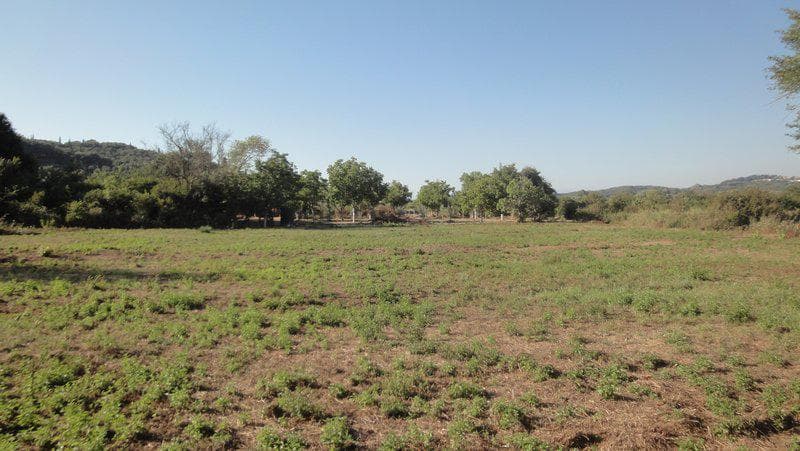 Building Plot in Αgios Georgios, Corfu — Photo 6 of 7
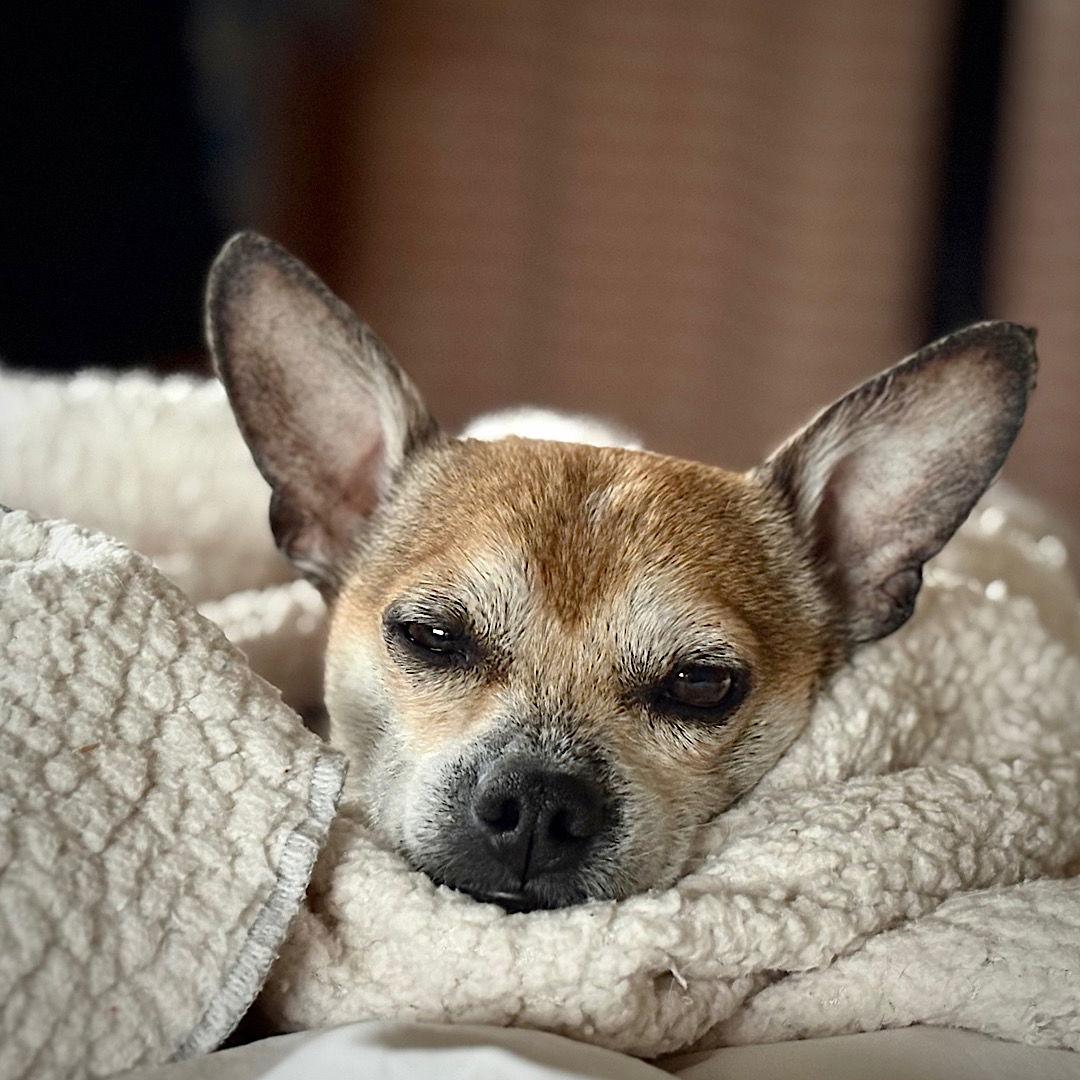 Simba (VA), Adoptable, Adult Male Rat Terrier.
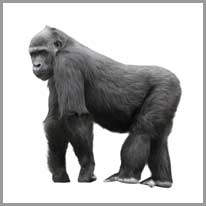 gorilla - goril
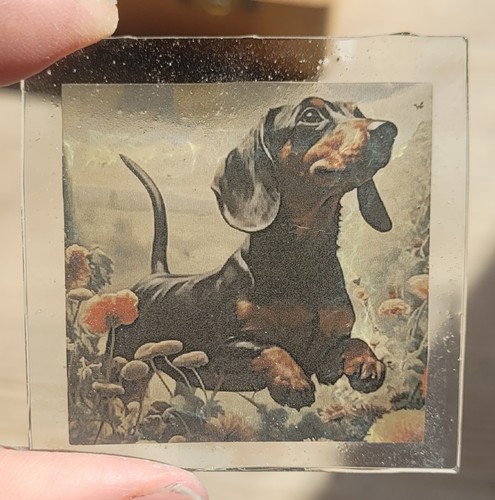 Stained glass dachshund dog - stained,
◇ ◇ ◇
• **Directions for this task**:
Through to the final line, copy the material above exactly and skip the images.

• **The answer**:
 Building Plot in Αgios Georgios, Corfu — Photo 6 of 7
 Simba (VA), Adoptable, Adult Male Rat Terrier.
 gorilla - goril
 Stained glass dachshund dog - stained,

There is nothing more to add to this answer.